Coronavirus:Bundesregierung will Immunität in der Bevölkerung erfassen

Coronavirus: Hendrik Streeck, Direktor des Instituts für Virologie und HIV-Forschung an der Universität Bonn, bei einem Fernsehauftritt im Jahr 2020.

Hendrik Streeck, Direktor des Instituts für Virologie und HIV-Forschung an der Universität Bonn, bei einem Fernsehauftritt im Jahr 2020.

(Foto: Jürgen Heinrich via www.imago-images.de/imago images/Jürgen Heinrich)

Der Bonner Virologe Hendrik Streeck soll eine Studie leiten, um herauszufinden, wie gut die Bevölkerung vor Sars-CoV-2 geschützt ist und wo die größten Impflücken bestehen. Ziel ist eine bessere Vorbereitung auf den Herbst.

Von Christoph von Eichhorn

Das Bundesforschungsministerium (BMBF) hat eine repräsentative Studie angekündigt, um den Grad der Immunität gegen Sars-CoV-2 in der Bevölkerung zu messen und um festzustellen, bei welchen Gruppen die Impflücken besonders groß sind. Leiten soll die Studie der Bonner Virologe Hendrik Streeck, die ersten Ergebnisse werden für September erwartet.

"Die Covid-19-Pandemie ist noch nicht vorbei", sagte Forschungsministerin Bettina Stark-Watzinger (FDP) bei der Vorstellung der Studie am Freitag. "Wir sehen eine Sommerwelle, die uns mahnt, uns gut auf den Winter vorzubereiten." So fehlten der Politik bislang Daten zum Grad der Immunisierung in der Bevölkerung. Diese soll die Studie "Immunebridge" nun liefern.

Grundlage ist zum einen eine Befragung von 29 500 Personen zu ihrem Impfstatus, möglichen Corona-Infektionen und anderen Vorerkrankungen. Auch die Einstellung gegenüber der Corona-Impfung soll ermittelt werden, um den Grad der Impfskepsis festzustellen. In einem nächsten Schritt sollen die Befragten per Post einen Bluttest zugeschickt bekommen, den sie selbst vornehmen können.

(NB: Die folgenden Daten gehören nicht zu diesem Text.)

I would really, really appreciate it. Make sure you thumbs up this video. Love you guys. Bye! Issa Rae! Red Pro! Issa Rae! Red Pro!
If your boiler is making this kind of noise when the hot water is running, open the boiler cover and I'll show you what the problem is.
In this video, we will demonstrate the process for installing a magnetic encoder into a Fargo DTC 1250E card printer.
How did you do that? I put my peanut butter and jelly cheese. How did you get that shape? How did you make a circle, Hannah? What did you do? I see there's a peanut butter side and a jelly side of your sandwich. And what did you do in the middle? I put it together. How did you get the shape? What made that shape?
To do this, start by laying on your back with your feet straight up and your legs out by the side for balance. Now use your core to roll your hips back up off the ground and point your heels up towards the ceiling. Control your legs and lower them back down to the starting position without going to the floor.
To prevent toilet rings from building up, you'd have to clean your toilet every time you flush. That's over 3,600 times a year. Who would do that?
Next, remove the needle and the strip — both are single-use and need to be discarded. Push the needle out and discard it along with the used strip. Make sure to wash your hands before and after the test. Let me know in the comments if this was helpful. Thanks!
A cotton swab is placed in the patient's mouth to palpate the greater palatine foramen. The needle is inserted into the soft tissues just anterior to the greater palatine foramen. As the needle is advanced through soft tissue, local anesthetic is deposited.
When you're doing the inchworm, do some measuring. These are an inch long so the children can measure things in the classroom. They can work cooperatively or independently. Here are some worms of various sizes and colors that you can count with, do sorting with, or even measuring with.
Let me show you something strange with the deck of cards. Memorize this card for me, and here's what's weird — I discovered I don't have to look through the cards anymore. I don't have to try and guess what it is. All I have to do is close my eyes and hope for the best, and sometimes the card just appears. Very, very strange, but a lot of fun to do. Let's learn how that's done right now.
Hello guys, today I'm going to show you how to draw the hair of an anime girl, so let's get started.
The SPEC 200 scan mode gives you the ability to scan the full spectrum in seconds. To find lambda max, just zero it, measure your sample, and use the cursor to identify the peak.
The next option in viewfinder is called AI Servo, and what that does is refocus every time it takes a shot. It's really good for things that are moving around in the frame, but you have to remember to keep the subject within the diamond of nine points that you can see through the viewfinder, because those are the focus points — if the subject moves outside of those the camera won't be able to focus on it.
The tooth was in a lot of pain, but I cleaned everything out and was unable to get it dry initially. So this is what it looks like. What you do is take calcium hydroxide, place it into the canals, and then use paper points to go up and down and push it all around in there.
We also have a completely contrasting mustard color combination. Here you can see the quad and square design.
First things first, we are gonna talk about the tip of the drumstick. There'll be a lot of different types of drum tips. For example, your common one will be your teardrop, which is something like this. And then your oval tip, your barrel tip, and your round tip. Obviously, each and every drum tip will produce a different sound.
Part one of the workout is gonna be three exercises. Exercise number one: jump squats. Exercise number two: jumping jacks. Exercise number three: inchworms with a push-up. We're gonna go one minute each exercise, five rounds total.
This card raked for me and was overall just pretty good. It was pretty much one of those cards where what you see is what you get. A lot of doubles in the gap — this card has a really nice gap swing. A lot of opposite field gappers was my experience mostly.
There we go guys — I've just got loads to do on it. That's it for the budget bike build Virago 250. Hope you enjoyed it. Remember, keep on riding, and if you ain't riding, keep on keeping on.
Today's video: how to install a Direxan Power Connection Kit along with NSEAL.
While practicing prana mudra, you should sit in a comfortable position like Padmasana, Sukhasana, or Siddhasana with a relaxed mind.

Die Probe wird anschließend im Labor untersucht, um Rückschlüsse auf die Zahl der Antikörper sowie eventuell unbemerkt durchgemachte Corona-Infektionen zu ziehen.

"Es könnte sein, dass bestimmte Risikogruppen ihre Immunität schon vollständig verloren haben."

Man müsse mit einem Anstieg der Corona-Zahlen im Herbst und Winter rechnen, sagte der Virologe Hendrik Streeck. "Wie stark die Belastung der Intensivstationen ausfallen wird, hängt auch davon ab, wie hoch die Grundimmunität ist." Zwar erfasst auch das Robert-Koch-Institut die Impfquote in der Bevölkerung. Der Anteil der Personen, die drei Mal gegen Sars-CoV-2 geimpft sind, liegt demnach aktuell bei 61,6 Prozent. Allerdings ist laut Streeck mit einer Untererfassung zu rechnen, die Impfquote könne um bis zu fünf Prozent höher liegen.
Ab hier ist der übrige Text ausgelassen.